# Feeding Senior Goats



## alidansma (Aug 23, 2009)

I have a couple of older goats - they are kept by themselves, however they are having a little trouble eating.
They are pretty much pets, my dad takes care of them and he just loves the senior citizens. The older one is having more touble eating (14 years old maybe?) so I suggested to my dad to get some senior horse feed and give them a little of that. We also have offfered soaked beet pulp, soaked hay pellets, just a variety of stuff.
They eat slow, but eventually they eat. 
I am wondering - if they aren't eating a lot of hay - what is a safe, nutritious, easily digestable meal for these two? Thank you.
~ali


----------



## NubianSoaps.com (Oct 26, 2007)

I do exactly what you do, but I also keep up with their dental health. They can be better off with no molars than with dental points that make cudding painful. Senior horse feeds are wonderful, as is soaking beet pulp.
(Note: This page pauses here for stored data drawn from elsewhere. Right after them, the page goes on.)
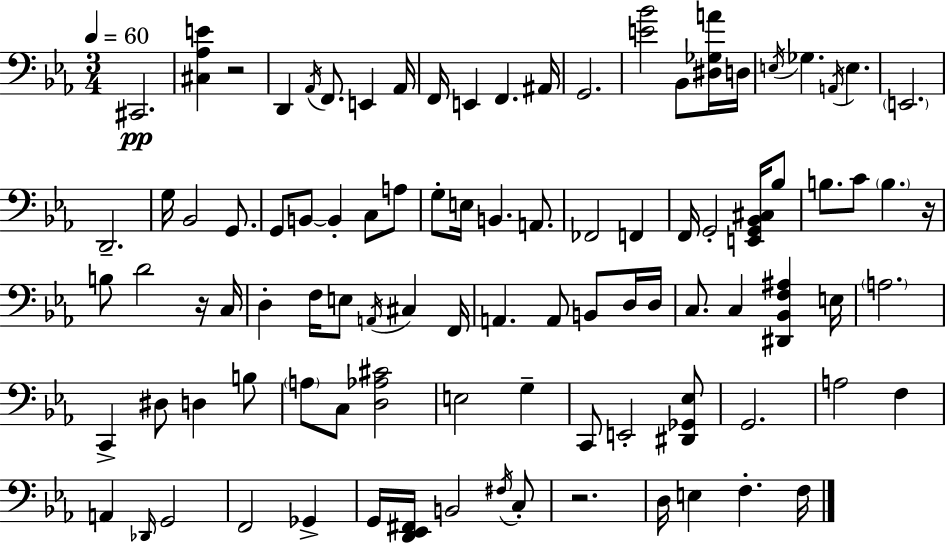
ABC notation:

X:1
T:Untitled
M:3/4
L:1/4
K:Eb
^C,,2 [^C,_A,E] z2 D,, _A,,/4 F,,/2 E,, _A,,/4 F,,/4 E,, F,, ^A,,/4 G,,2 [E_B]2 _B,,/2 [^D,_G,A]/4 D,/4 E,/4 _G, A,,/4 E, E,,2 D,,2 G,/4 _B,,2 G,,/2 G,,/2 B,,/2 B,, C,/2 A,/2 G,/2 E,/4 B,, A,,/2 _F,,2 F,, F,,/4 G,,2 [E,,G,,_B,,^C,]/4 _B,/2 B,/2 C/2 B, z/4 B,/2 D2 z/4 C,/4 D, F,/4 E,/2 A,,/4 ^C, F,,/4 A,, A,,/2 B,,/2 D,/4 D,/4 C,/2 C, [^D,,_B,,F,^A,] E,/4 A,2 C,, ^D,/2 D, B,/2 A,/2 C,/2 [D,_A,^C]2 E,2 G, C,,/2 E,,2 [^D,,_G,,_E,]/2 G,,2 A,2 F, A,, _D,,/4 G,,2 F,,2 _G,, G,,/4 [D,,_E,,^F,,]/4 B,,2 ^F,/4 C,/2 z2 D,/4 E, F, F,/4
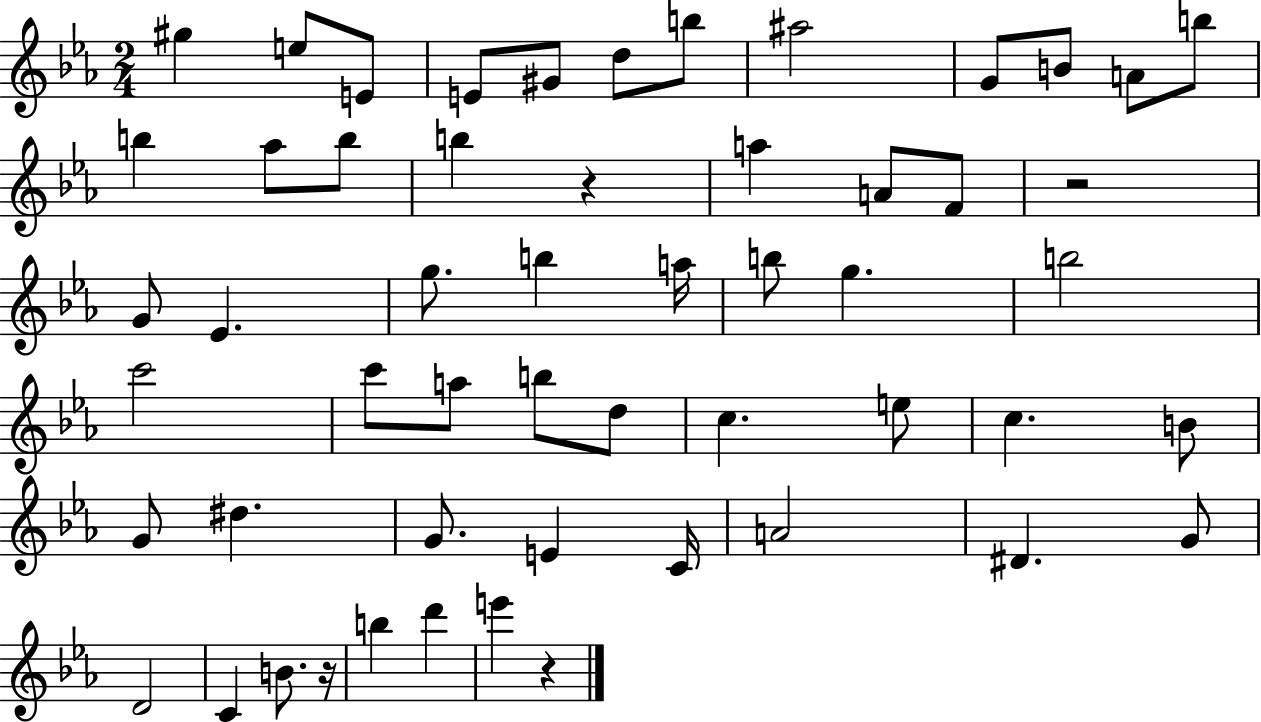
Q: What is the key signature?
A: EES major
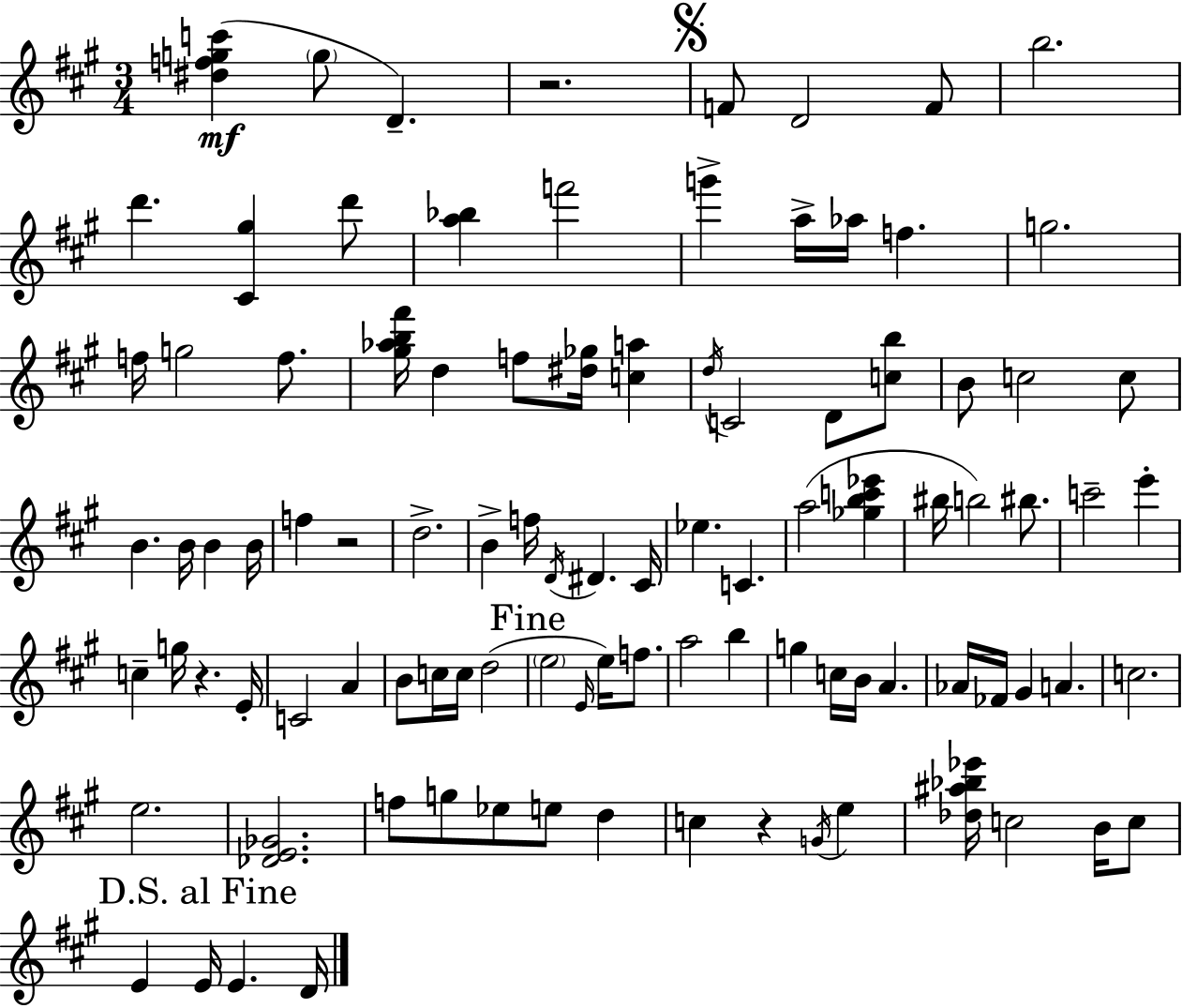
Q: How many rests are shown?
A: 4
Offer them the new chopped hay (alfalfa) in a bag (US Alfalfa and also Purina makes one). Biggy is to get them some exercise and time outside in the sun each day. Don't add anything, they don't need their rumen flora changed. V


----------



## susanthunder (Nov 22, 2016)

*Boar Goat*

I have an old Boar goat. No matter what I feed her she throws it up. I tried Sweet Feed, Feed mash w/ water in it, Corn, Alpha cubes and pellets. She has been wormed. Her sides get hard I thought it was blout but then it goes away. We gave her a coke drink that seemed to help for a day . When she throws up it is all mucus. She is getting so skinney. Please what can I feed her she will keep down?


----------



## jdavenport (Jul 19, 2012)

I would say check for coccidia, it goes after the old, young and weak. And give her probiotics, 2x a day every day for a while, until her tummy starts working properly. Some garlic wouldn't hurt, either. Give her as much garlic as she will eat. Limit the grain for a while and give her the freshest, most nutritious high calcium, high protein hay you can find and some grass in case she needs it. You could treat the bloat with vegetable oil, make sure you know how to drench her without getting any in her lungs. If she gets weak or goes down, you must call a vet to give her IV fluids and check for a blockage.


----------



## punchiepal (Aug 4, 2010)

Given her age, this is something I would call in a vet. This is not normal for goats at any age.


----------



## susanthunder (Nov 22, 2016)

We took her to a Vet. But they took some test and nothing came up. She eats range cubes (sometimes) She ate less than a fist full peanuts today. Alpha dust. Tried the Veg. Oil and Mineral Oil. How do we get her to eat Garlic? Vet said no blockage she is pooping ok.


----------



## jdavenport (Jul 19, 2012)

I have a gallon jug of garlic juice and I drench them. 15cc per 100 pounds. You could just make a thin paste in a blender/food processor with a little oil and drench her.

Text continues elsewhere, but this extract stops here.